Each line below containing the word "Volvo" needs to be shown.

**Extracted data**

§ §

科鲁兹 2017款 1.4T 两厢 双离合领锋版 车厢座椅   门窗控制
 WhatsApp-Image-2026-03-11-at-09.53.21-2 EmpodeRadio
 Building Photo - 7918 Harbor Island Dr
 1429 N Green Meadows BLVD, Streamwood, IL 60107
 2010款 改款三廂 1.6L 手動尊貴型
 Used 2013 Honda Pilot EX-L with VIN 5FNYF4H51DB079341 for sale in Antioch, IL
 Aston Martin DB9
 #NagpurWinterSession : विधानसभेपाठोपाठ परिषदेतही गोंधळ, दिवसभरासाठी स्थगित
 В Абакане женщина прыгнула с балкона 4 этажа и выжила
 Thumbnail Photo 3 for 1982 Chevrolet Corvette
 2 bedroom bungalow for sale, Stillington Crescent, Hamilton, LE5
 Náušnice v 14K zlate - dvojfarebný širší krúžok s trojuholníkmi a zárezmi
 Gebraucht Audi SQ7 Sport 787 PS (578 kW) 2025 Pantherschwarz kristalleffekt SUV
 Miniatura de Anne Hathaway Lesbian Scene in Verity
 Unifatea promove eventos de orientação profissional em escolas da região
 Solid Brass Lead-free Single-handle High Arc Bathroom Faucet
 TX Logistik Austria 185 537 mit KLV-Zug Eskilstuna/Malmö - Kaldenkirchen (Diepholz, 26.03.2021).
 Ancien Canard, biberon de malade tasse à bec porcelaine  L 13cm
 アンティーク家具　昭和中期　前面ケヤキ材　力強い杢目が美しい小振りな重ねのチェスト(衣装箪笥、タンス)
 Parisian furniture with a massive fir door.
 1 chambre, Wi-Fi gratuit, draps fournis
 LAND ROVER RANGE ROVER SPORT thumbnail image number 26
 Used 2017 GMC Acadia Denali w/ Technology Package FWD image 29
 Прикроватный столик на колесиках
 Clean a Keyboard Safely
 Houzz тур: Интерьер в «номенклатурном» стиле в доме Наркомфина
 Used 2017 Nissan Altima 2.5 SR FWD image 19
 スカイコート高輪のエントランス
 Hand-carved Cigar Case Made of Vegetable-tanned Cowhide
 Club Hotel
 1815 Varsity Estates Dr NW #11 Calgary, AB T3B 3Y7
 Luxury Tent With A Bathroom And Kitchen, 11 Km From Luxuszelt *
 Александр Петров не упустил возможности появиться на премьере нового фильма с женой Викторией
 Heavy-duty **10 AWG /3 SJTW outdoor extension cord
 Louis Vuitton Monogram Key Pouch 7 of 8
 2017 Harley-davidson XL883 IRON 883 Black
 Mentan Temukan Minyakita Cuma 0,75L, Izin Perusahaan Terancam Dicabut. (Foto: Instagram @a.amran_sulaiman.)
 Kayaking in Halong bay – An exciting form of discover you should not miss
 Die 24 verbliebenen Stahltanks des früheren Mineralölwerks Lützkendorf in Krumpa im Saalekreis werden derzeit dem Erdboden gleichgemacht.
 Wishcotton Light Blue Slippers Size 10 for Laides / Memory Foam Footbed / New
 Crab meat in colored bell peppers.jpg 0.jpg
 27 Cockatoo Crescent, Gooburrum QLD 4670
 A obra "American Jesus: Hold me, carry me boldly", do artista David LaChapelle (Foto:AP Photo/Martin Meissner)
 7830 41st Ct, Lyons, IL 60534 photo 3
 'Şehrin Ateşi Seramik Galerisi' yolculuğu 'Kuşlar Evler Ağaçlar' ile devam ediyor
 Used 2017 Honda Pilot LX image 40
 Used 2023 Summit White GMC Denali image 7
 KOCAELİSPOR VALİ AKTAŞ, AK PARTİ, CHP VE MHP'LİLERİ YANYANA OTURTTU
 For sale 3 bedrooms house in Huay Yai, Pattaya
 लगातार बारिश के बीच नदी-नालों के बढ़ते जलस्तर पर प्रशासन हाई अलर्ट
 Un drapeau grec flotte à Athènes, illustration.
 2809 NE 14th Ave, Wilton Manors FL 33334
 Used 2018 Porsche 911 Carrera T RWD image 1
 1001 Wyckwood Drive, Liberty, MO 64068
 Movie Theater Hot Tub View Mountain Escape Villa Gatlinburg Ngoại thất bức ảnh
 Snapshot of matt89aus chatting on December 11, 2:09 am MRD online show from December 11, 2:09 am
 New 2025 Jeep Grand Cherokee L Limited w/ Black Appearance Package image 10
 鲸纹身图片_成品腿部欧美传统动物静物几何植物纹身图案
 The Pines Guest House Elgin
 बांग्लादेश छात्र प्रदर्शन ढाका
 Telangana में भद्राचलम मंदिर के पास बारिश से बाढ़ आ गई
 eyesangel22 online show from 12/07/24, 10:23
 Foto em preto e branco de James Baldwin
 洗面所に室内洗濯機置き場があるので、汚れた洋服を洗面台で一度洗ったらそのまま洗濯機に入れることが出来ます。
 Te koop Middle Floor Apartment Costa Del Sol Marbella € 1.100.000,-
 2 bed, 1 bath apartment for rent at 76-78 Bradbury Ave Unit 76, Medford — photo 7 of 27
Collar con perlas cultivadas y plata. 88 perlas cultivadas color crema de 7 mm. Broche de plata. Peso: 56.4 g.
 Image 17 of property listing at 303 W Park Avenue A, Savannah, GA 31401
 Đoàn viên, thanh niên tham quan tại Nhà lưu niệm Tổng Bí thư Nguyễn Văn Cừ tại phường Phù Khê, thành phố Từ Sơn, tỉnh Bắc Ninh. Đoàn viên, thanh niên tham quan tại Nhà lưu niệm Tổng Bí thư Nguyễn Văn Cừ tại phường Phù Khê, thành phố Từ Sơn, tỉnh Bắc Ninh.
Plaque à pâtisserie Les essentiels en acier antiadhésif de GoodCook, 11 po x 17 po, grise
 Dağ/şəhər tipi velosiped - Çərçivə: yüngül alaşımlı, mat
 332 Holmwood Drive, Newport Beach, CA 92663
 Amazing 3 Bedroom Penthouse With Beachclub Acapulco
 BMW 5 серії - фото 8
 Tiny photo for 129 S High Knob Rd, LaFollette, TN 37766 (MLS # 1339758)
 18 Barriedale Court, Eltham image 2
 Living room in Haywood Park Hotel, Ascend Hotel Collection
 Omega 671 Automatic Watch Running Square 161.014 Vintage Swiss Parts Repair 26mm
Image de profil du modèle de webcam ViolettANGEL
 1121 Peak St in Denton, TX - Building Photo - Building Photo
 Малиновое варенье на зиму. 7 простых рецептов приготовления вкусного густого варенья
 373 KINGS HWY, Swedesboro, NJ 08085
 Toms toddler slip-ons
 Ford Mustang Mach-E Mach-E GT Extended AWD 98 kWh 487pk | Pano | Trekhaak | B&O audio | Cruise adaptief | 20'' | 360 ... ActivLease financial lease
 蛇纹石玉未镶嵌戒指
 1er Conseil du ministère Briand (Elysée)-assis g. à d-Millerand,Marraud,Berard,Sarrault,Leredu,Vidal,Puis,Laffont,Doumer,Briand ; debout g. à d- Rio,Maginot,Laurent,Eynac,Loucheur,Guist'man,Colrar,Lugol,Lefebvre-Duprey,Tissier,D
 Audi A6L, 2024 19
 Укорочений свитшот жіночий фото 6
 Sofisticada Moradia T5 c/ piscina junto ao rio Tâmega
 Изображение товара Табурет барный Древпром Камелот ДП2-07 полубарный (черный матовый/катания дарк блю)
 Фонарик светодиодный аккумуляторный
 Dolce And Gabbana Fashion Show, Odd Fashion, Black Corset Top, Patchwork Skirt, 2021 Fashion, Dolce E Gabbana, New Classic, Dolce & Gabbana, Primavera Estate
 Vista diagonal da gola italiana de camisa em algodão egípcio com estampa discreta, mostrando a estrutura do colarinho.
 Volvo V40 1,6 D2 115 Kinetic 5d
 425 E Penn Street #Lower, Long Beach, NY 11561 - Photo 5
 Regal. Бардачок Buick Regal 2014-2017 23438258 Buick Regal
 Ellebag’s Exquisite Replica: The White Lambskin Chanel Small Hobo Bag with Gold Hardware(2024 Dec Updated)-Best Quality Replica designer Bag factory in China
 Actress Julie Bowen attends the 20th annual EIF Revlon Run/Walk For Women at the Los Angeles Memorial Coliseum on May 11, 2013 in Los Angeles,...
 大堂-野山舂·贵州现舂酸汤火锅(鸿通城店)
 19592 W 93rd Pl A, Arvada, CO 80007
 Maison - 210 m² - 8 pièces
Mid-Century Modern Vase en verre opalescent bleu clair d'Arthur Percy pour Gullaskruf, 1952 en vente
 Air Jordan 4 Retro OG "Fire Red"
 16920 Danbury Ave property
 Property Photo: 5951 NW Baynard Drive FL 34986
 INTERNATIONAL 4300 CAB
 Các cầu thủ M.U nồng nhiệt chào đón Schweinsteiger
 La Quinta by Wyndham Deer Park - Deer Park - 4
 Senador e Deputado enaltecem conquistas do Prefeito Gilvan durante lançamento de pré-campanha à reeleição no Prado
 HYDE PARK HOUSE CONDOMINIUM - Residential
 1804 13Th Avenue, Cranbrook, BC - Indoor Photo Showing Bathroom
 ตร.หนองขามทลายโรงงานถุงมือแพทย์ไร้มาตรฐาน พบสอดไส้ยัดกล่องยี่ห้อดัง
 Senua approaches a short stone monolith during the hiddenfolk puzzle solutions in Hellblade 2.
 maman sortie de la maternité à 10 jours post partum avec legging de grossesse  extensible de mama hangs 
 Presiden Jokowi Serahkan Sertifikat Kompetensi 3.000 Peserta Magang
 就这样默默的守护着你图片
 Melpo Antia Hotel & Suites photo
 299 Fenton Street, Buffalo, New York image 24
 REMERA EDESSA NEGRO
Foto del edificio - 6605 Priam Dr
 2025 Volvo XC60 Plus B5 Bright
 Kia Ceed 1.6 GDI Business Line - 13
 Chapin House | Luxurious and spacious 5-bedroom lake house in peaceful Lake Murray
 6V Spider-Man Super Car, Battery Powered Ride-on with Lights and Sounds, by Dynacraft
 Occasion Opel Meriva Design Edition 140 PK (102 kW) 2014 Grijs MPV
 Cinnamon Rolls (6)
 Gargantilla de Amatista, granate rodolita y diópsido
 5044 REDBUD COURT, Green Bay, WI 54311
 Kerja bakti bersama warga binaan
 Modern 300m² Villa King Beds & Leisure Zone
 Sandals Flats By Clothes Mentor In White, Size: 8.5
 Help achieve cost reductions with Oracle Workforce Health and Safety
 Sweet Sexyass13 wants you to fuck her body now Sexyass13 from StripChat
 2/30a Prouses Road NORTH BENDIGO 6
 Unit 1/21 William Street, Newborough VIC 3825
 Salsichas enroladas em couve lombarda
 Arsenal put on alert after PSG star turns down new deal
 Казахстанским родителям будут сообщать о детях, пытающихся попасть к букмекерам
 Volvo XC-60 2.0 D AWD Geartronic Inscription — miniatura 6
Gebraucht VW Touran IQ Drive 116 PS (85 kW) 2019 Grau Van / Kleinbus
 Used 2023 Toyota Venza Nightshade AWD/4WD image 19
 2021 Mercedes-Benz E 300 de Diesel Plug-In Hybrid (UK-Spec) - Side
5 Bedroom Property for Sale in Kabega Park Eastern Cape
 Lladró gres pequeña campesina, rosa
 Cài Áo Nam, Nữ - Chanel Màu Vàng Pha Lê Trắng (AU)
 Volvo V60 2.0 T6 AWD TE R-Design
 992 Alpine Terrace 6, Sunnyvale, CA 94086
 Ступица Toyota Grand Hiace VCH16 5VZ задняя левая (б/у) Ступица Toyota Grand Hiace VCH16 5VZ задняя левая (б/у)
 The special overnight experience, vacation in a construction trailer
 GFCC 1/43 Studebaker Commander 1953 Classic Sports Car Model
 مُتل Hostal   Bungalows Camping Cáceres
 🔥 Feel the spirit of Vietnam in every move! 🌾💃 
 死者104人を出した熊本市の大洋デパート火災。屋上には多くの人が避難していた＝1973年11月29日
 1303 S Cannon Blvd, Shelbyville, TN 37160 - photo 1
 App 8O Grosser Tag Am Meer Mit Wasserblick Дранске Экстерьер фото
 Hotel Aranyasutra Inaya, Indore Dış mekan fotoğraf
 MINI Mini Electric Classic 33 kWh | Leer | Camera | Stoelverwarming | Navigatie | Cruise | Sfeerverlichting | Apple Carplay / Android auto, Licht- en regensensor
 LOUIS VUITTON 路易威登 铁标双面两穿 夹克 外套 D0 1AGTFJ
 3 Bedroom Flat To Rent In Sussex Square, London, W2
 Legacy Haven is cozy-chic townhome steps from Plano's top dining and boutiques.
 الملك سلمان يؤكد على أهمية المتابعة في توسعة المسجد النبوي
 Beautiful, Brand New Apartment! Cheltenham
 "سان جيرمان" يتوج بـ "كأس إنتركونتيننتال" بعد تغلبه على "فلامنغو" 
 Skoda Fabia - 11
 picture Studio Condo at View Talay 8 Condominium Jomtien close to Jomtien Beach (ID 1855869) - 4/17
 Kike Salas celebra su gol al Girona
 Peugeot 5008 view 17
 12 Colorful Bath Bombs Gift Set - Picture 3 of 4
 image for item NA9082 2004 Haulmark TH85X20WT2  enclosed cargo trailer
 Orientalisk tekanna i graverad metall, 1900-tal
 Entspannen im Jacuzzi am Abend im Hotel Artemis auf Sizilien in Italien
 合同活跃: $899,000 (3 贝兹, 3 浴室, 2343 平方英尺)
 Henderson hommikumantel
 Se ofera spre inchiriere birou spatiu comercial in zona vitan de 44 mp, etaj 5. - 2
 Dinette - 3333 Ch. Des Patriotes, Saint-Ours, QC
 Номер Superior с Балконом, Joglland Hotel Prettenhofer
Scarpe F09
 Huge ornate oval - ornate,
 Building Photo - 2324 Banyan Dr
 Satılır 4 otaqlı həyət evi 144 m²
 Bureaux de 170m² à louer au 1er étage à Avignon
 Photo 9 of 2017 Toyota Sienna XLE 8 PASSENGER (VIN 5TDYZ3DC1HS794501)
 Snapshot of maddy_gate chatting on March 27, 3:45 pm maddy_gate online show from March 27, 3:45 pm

§ §

**Written response**
 Volvo V40 1,6 D2 115 Kinetic 5d
 2025 Volvo XC60 Plus B5 Bright
 Volvo XC-60 2.0 D AWD Geartronic Inscription — miniatura 6
 Volvo V60 2.0 T6 AWD TE R-Design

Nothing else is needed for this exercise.